On 04/04/14 17:29, Saku Ytti wrote:
On (2014-04-03 21:25 -0700), Will Orton wrote:
There are commercially available NTP servers with GPS + Rb oscillators... for NTP use you could basically let it sync up a couple days, disconnect the GPS and let it freerun. You'd still be within a millisecond of GPS even after a couple years most likely. Reconnect it to GPS for a couple days every 1-2 years to resync it. More fun and cheaper to build your own I'd bet, if you had the time.
Meinberg[0] pegs rubidium at ±8ms per year, if you need NTP to do say single direction backbone SLA measurement you want to have microsecond precision.
Those two statements don't go together. Also outside the HFTers most of us don't care about a few milliseconds (sure an extra 50ms can be a pain, but is trivial to measure). It's one thing to be a time-nut (I'm certainly one), but recognise that straight NTP, well deployed, even syncing from the pool is sufficient for nearly all use cases not needing sub-millisecond precision.
I think most GPS chipsets today do Glonass also, maybe it's partly because Russia has import sanctions for those who don't do, or maybe simply because it gives better user experience as sync is found earlier.
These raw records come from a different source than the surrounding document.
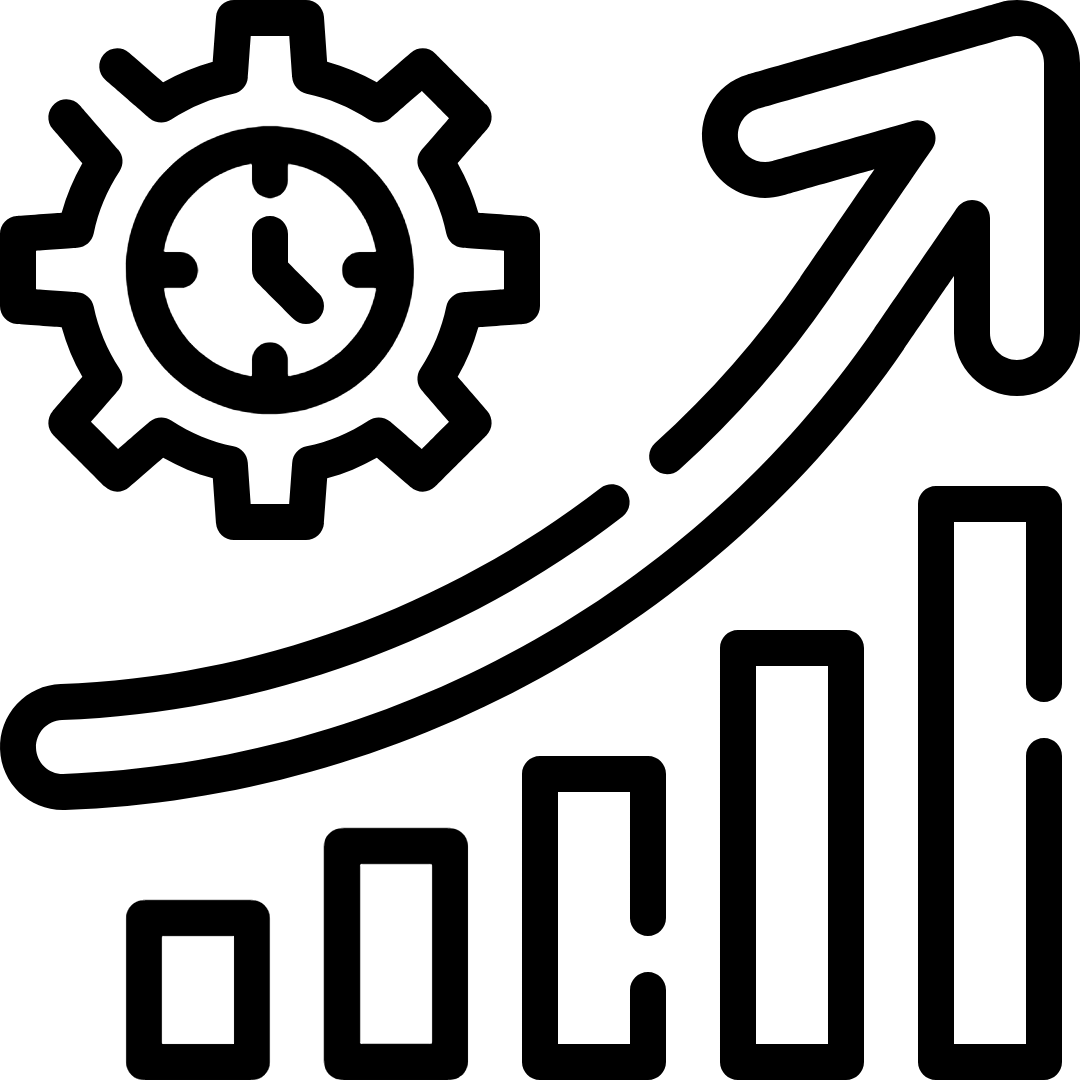 Project efficiency drive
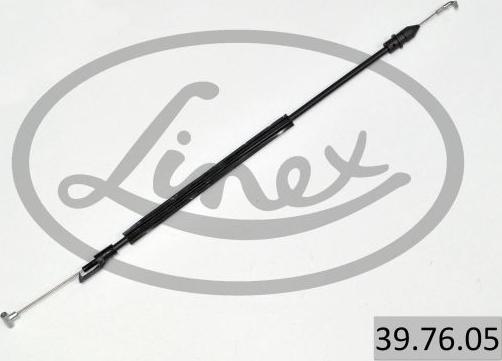 Linex 39.76.05 — Cięgno, odryglowywanie drzwi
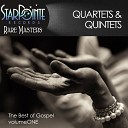 The Harvesters Quartet - Jesus Hold My Hand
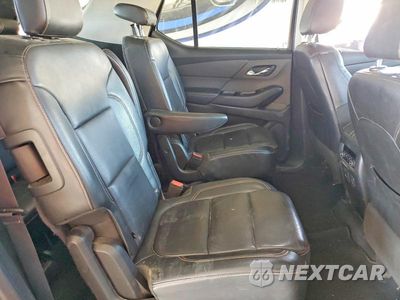 Zdjęcie 11 z 13 samochodu: 2018 CHEVROLET TRAVERSE LT VIN:1GNEVHKW1JJ219611 - miniatura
But is there NTP product which you can configure to GPS-only mode or Glonass-only mode, which I think might be closer to Rob's idea of redundancy. As if you use both, 'poisoned' source would break all of your kit. But that is probably not easy to solve with two sources, if half is GPS and half is Glonass, and Glonass starts sending bad timing information, what do your NTP clients do, average to the middle?